And presto, we now have a way to figure out solutions. All we need to do now is to expose them to the user.

Binding it to an interface and displaying the results

As most of the rendering and user interface code is rather boilerplate, this will be presented in an abbreviated form.

There are multiple ways to display a grid - and for this specific case, I settled for a command-line display approach. First, we need to define a few more functions:

-- Define a character to show for each flag; first one is normal, 2nd one is a highlighted one
char :: Flag -> (Char, Char)
char None = (' ', ' ')
char D = ('↓', '🢃')
char U = ('↑', '🢁')
char L = ('←', '🢀')
char R = ('→', '🢂')
char UL = ('↖', '🢄')
char UR = ('↗', '🢅')
char DR = ('↘', '🢆')
char DL = ('↙', '🢇')
char Stop = ('◊', '◊')

-- Generates a rendering of a given grid, using a specialized function for that purpose
printGrid:: (Array BGCoord z) -> ((BGCoord, z) -> Char) -> IO ()
printGrid grid func = sequence_ $ map (\y -> do {row_func y;putStrLn " "}) (range (0,h))
 where
  -- Params
  (w,h) = snd $ bounds grid 
  --
  row_func :: Int -> IO ()
  row_func y = putStrLn $ concat $ map (\coord -> ' ':[func (coord,(grid ! coord))]) $ (map (\x -> (x,y)) (range (0,w)))
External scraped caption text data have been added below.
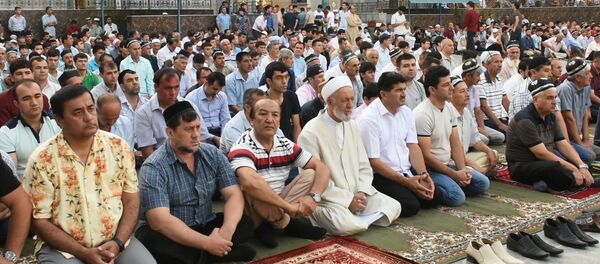 Молитва и праздничный дастархан: в Таджикистане отмечают Ид аль-Фитр Молитва и праздничный дастархан: в Таджикистане отмечают Ид аль-Фитр - Sputnik Таджикистан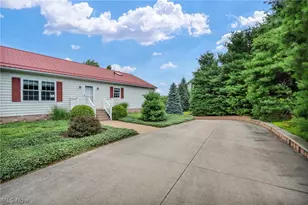 45002 Middle Ridge Rd, Amherst, OH 44001 - Photo 2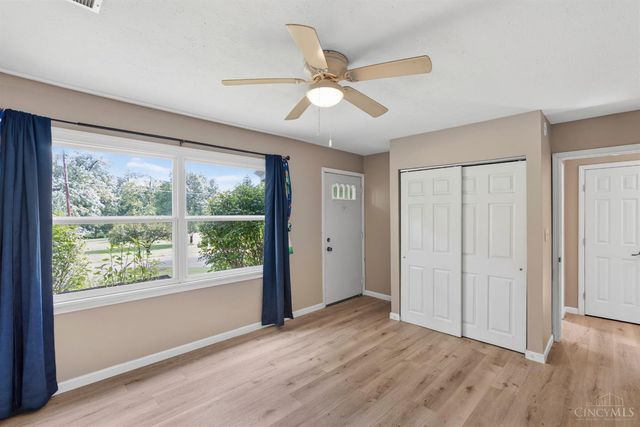 481 E Sharon Road, Glendale, OH 45246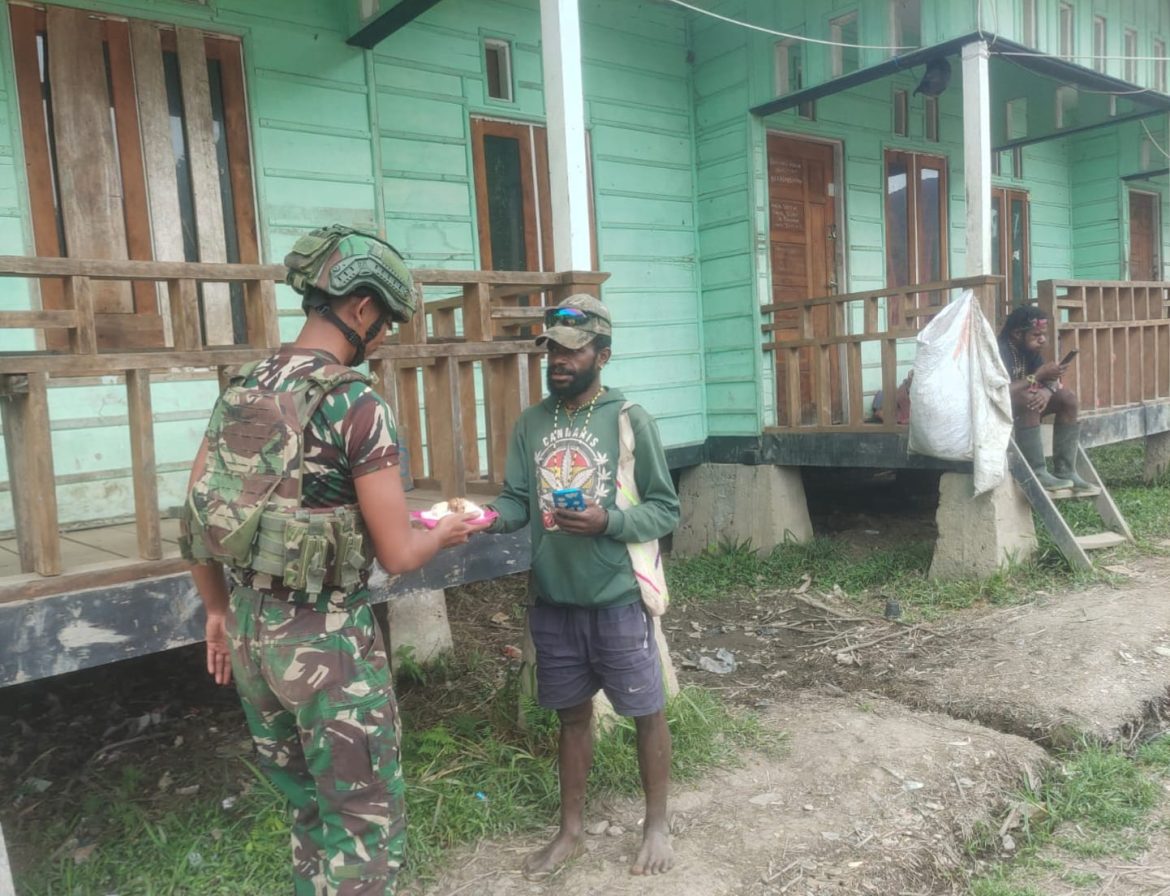 Jaya Sakti Berbagi. Masyarakat Apresiasi Kebaikan TNI di Intan Jaya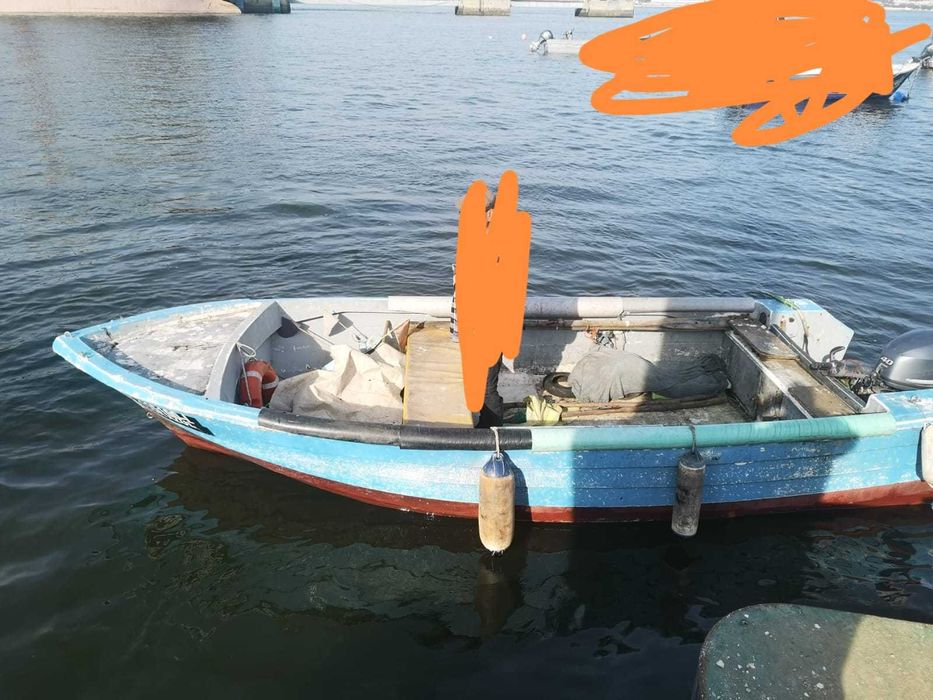 barco de pesca profissional com motor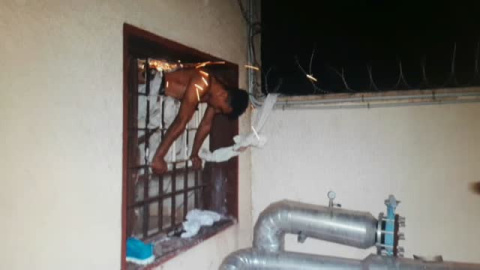 Intenta escapar de la prisión y se queda atrapado en la ventana de la celda Intenta escapar de la prisión y se queda atrapado en la ventana de la celda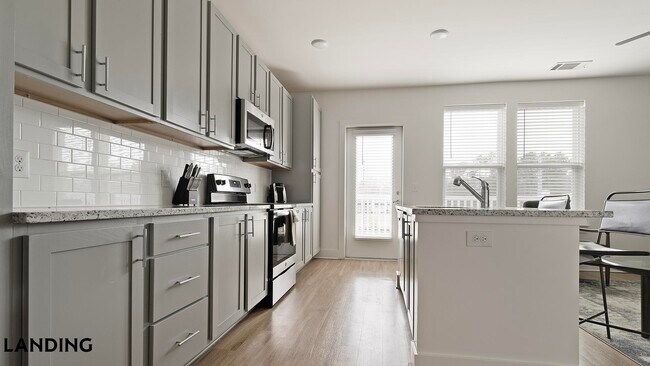 Photo - 5209 Craftsman Dr Unidad 100-417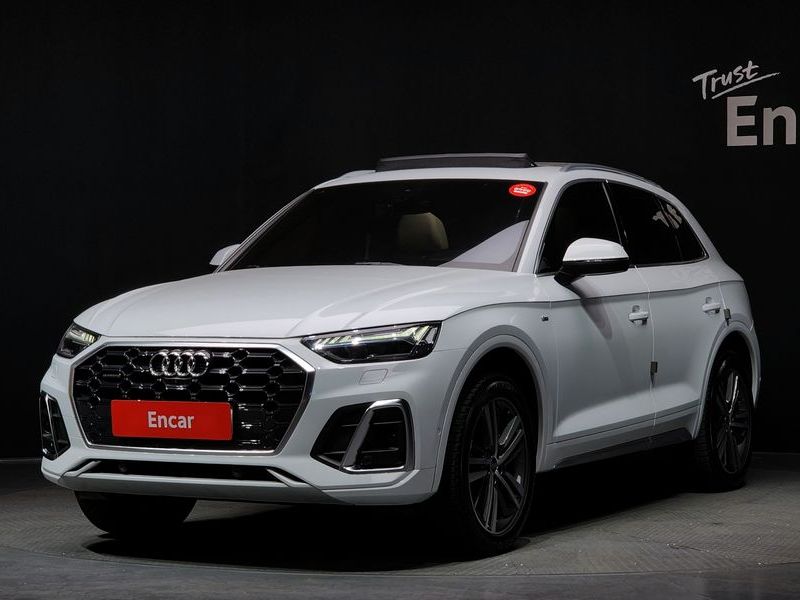 2021 Audi Q5 45 TFSI Quattro Premium photo 1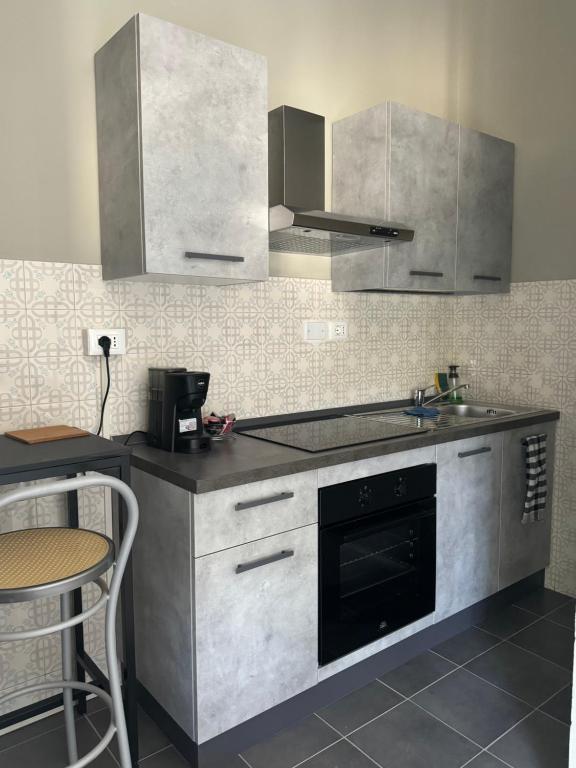 A kitchen or kitchenette at HS Easy holiday home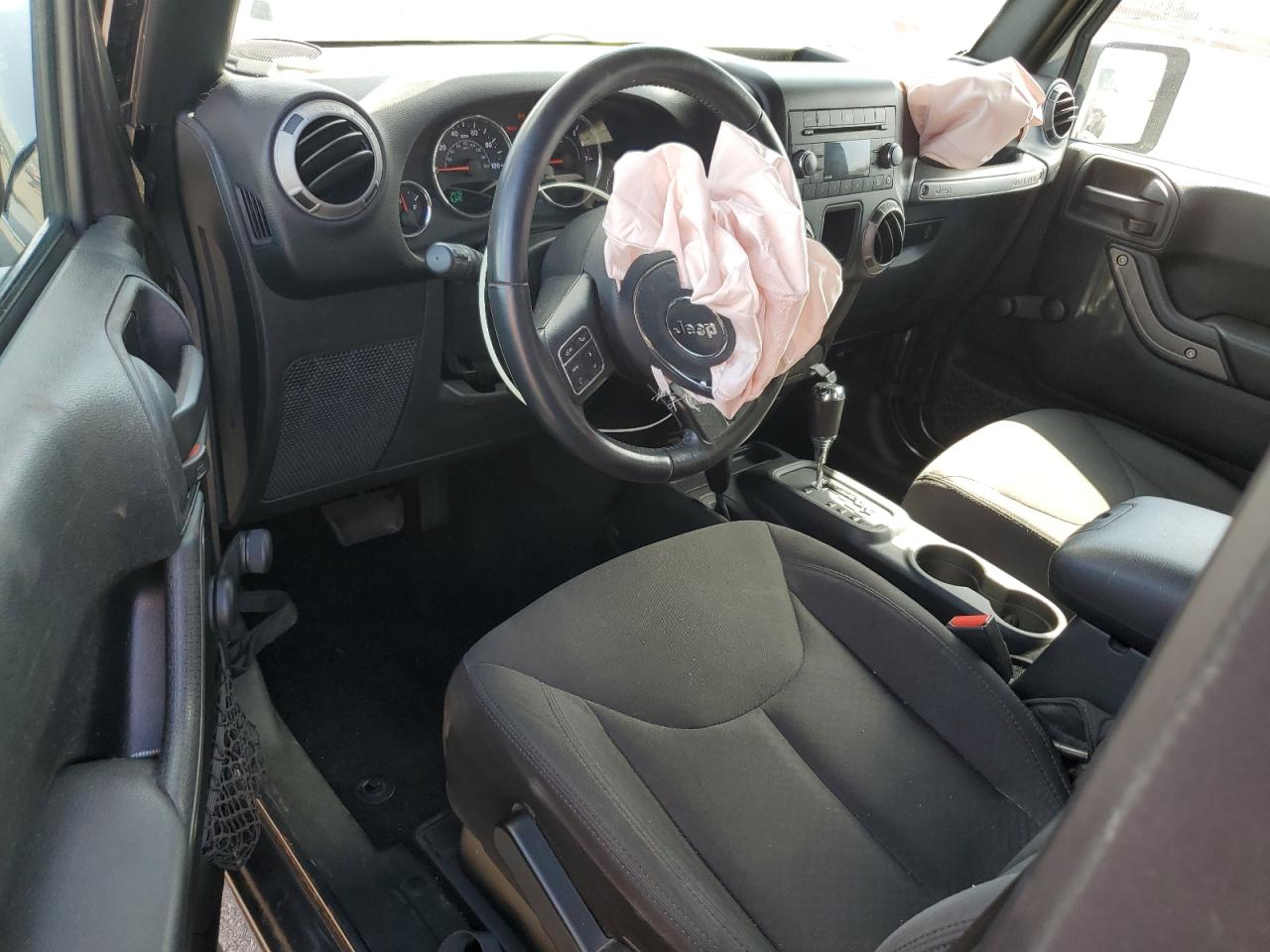 1C4AJWAG4GL261821 2016 Jeep Wrangler Sport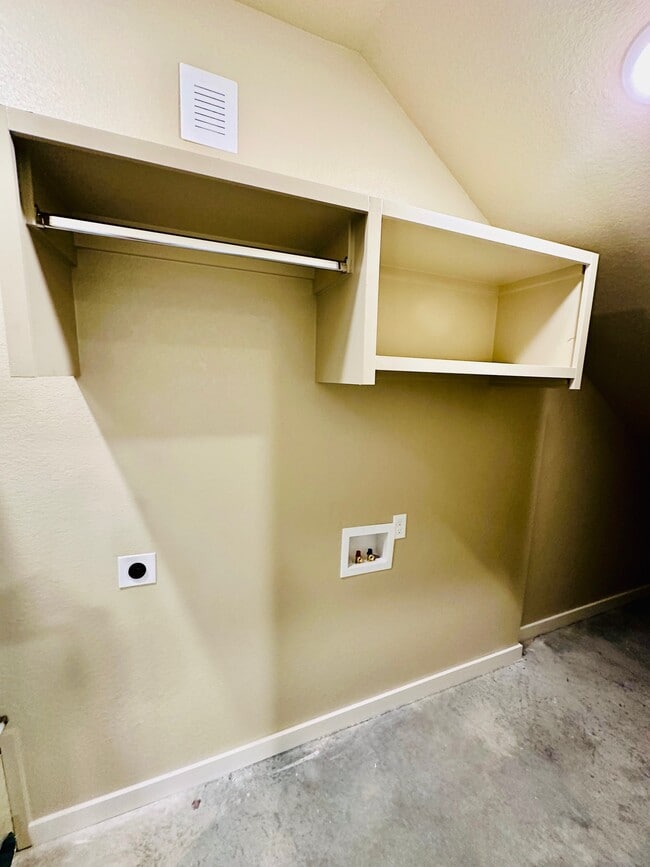 Building Photo - 219 Silverleaf Ln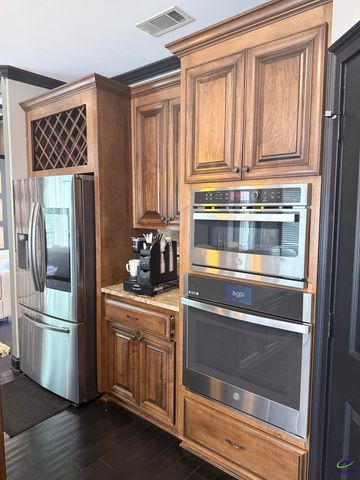 211 Lowpoint Trail, Warner Robins, GA 31093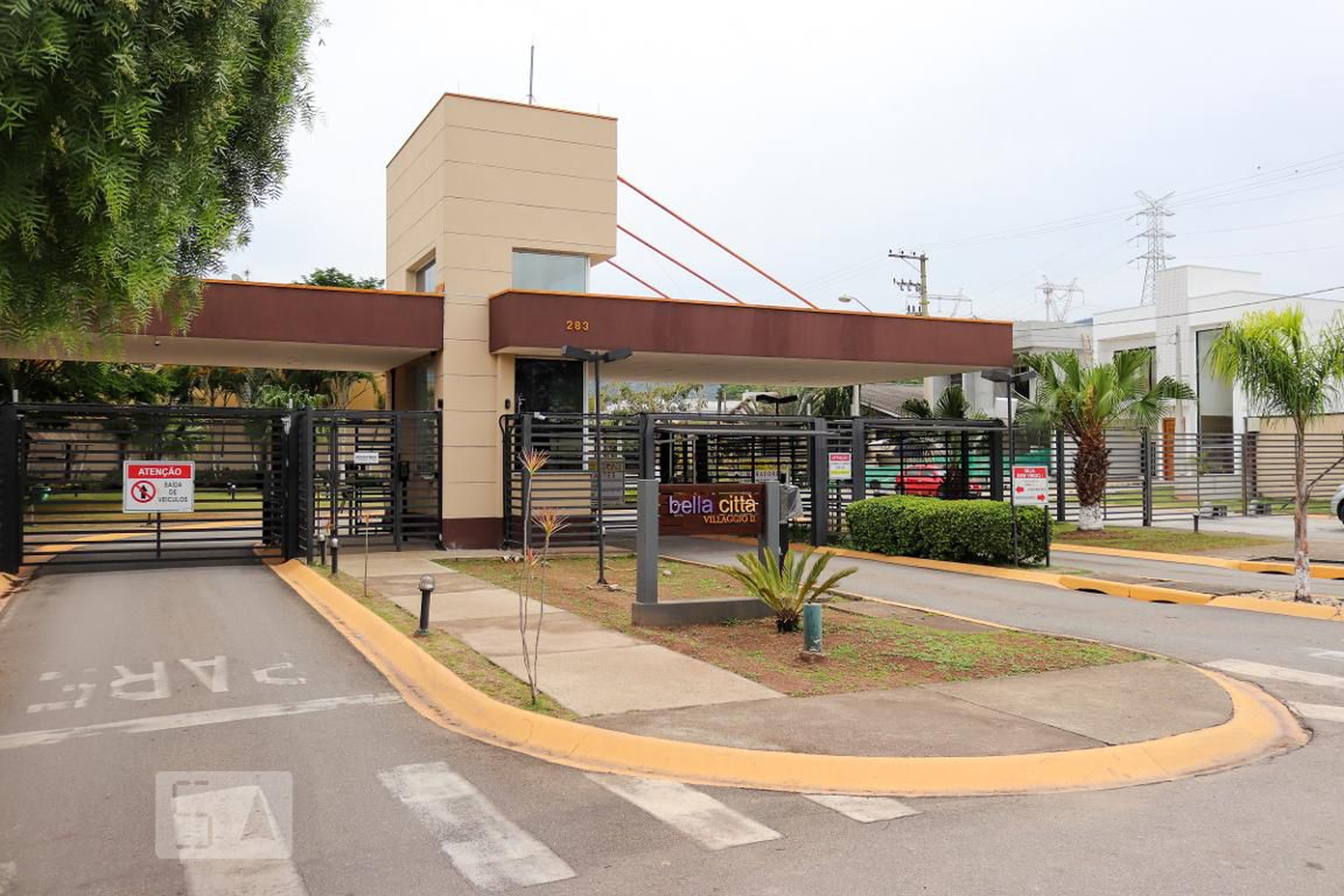 Fachada Condomínio em Avenida Expedicionário José Barca, 283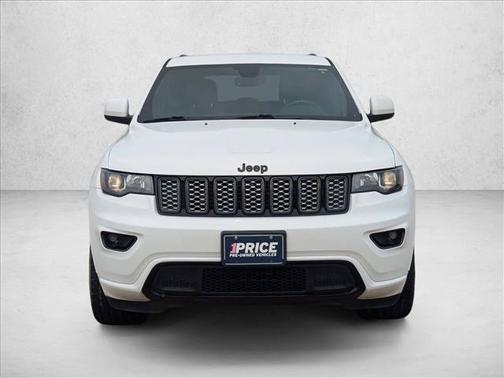 Bright White Clearcoat 2022 Jeep Grand Cherokee Laredo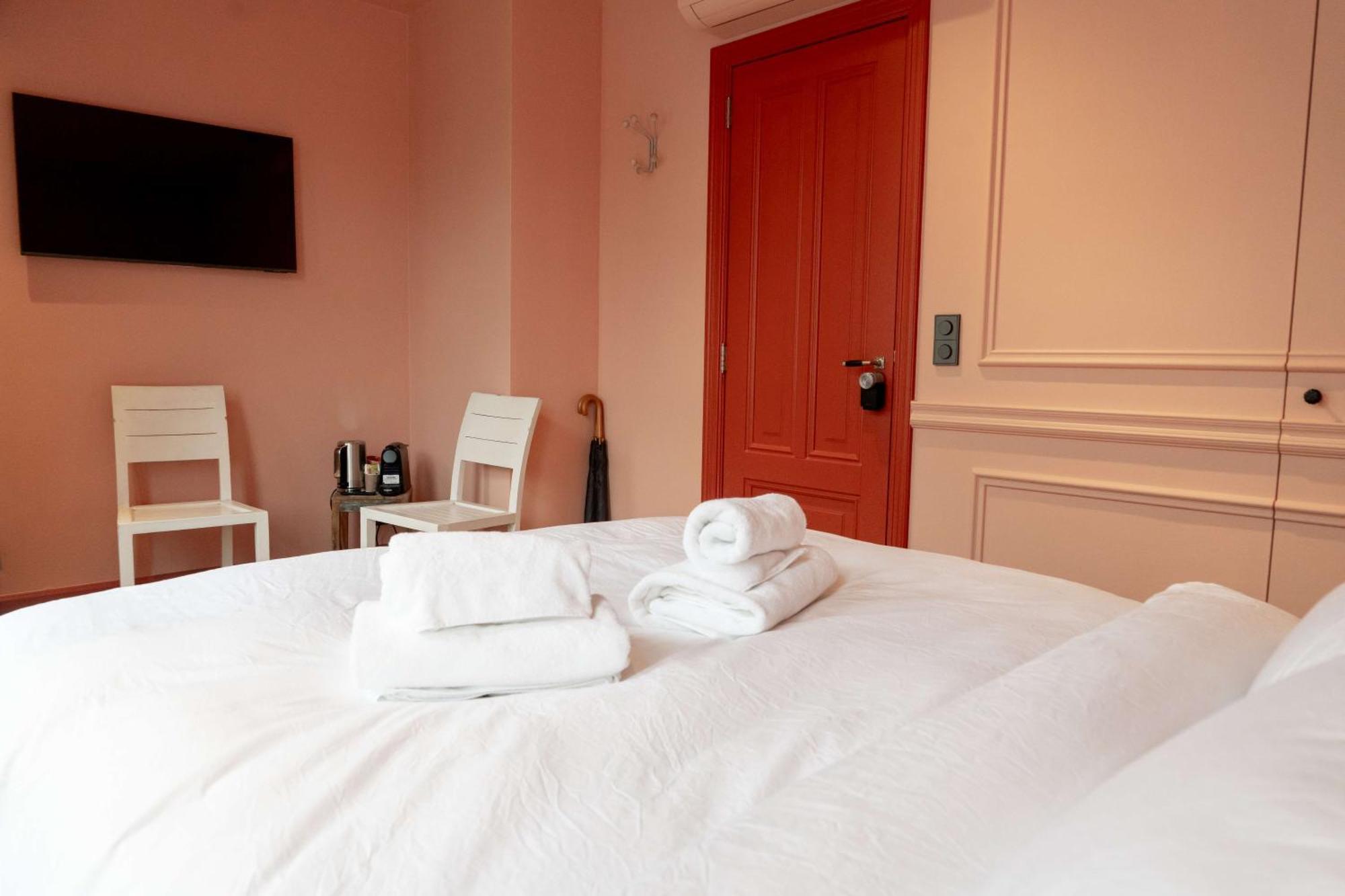 Palette Bed & Breakfast *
These functions have highly practical purposes for printing. The former one generates an UTF-8 arrow character for each direction (highlighted if it is, for example, an initial), and the latter emits the grid on the screen, using a mapping function to actually transform whatever datatype there is to a character.

The rest of the scaffolding code is available from GitHub. Now, onto to the..

Results!

Screengrab

After having gone through such an effort to create this program, I couldn’t resist the temptation to try it in practice. And it seems the program is indeed highly effective, as I managed to gain very consistently high scores on several time-limited games even with having to manually type and draw the words. Due to the proper data structure, it doesn’t take excessively long to find solutions - and when they are presented in a concise form, they are quick to read and enter.

In one of the games I tried, I found a curious pattern: I consistently had trouble keeping my top position. It seemed that some users were able to rack very high scores and keep up with me. It seems fairly unusual, considering that I can use the program to very rapidly discover the best-scoring words.

What I discovered a bit later, was that it is probably explained by the pay to win feature in that game, where you can literally buy more time. As I haven’t paid for such an advantage, my technocratic reign can easily crumble against a paying adversary. At least it made for a slightly more even playing field :D..

It is also very possible though that someone else has got the idea I got: a cursory Google search reveals links to many sites hawking what claim to be cheats to the tested games. Their safety is questionable, and therefore I passed on investigating them. For this program, the larger dictionaries are not included so if one wants to use this, they got to see some effort to it as well ;)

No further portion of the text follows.